Indian Oil Corporation Ltd.’s reported Ebitda of Rs 213 billion (up 4.3 times YoY), in line with our estimate of Rs 210 billion, led by better-than-expected gross refining margin at $17.9/barrel of oil (versus our estimate of $14.9/bbl) and higher marketing gross margin at Rs 5.8/litre (versus our estimate of Rs 5/lit).
Refining throughput came in line with our estimate at 17.8 million metric tonne (up 10% YoY). In the marketing segment, domestic sales volumes were also in line with our estimate at 21.9 mmt (up 2% YoY).

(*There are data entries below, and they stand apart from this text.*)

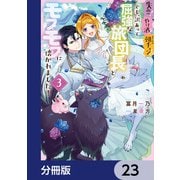 失恋！やけ酒？まさかの朝チュン！？ でも、訳あって屈強な旅団長とモフモフに懐かれました！【分冊版】 23（KADOKAWA） [電子書籍]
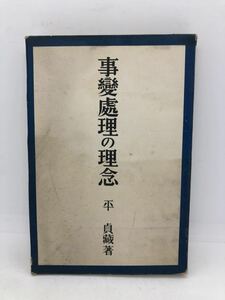 昭15「事変処理の理念」平貞蔵著 303P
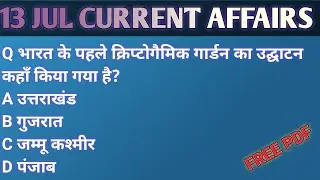 DAILY CURRENT AFFAIRS II 13 JULY 2021 II LEARNING ADDA II SUDHIR KUMAR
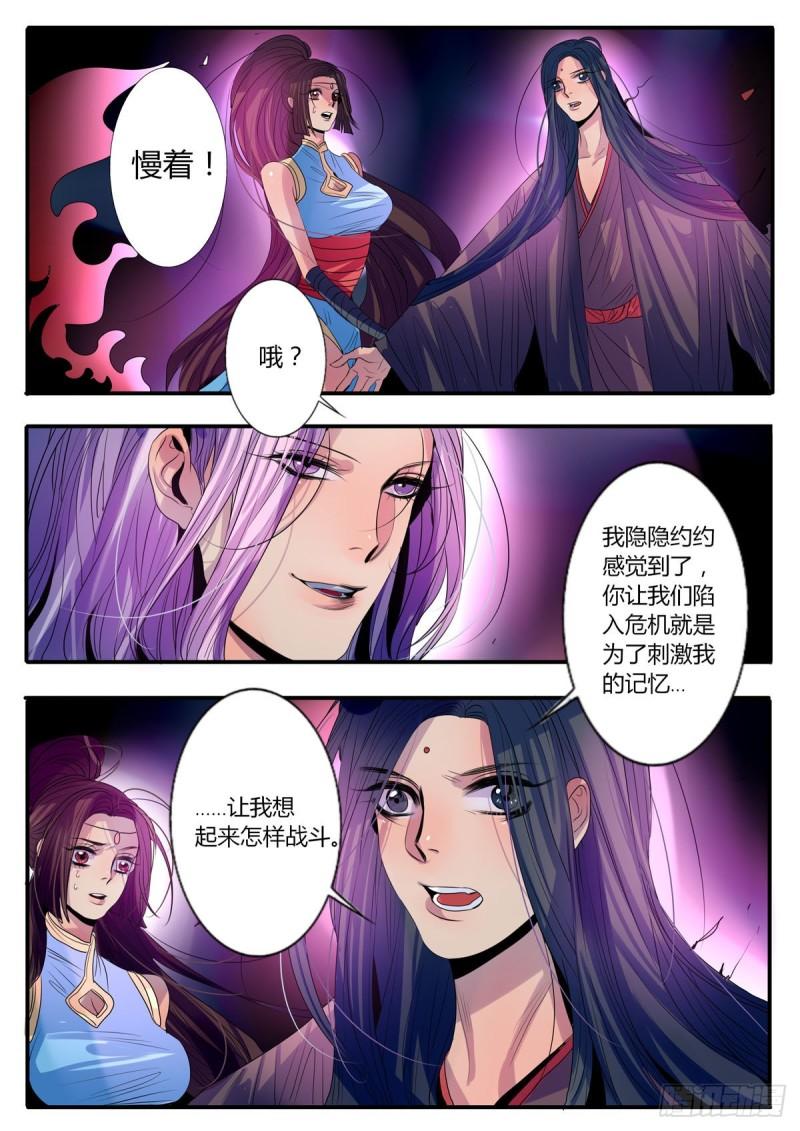 江湖危险快点跑漫画,第24话4图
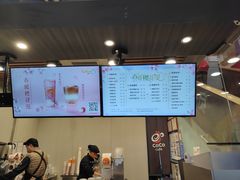 -CoCo都可(欧乐店)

Singapore GRM has declined to $3.3/bbl in Q3 FY24 to date from $9.8/bbl in Q2 FY24, which may lead to a decline in the refining performance in the coming quarter. A decline in Russia crude discounts may also weigh on Indian Oil’s performance in the ensuing quarter.
Oil marketing companies are estimated to be generating marketing margin of Rs 8.2 on petrol and a marketing loss of Rs 3.8 on diesel in Q3 FY24 to date. Margins may also be affected by retail fuel price cuts in the wake of upcoming elections and/or a rise in crude oil prices due to quota management by Organization of the Petroleum Exporting Countries plus.
Petchem sales volumes increased by 53% YoY to 0.82 mmt (versus 0.54 mmt in Q2 FY23). Petchem Ebit came in at Rs 1.6 billion (below our estimate of Rs 3.2 billion). Petchem margins have declined 13%/4% for polyethylene/polypropylene in Q3 FY24 to date.
Owing to a robust performance in H1 FY24, we increase our Ebitda/profit after tax estimates by 11%/13% for FY24 while keeping FY25 estimates broadly unchanged.
The stock trades at 6.9 times consolidated FY25E EPS and 0.7 times FY25E price/book value. We retain our ‘Buy’ rating on the stock, valuing it at 0.9 times FY25E P/BV.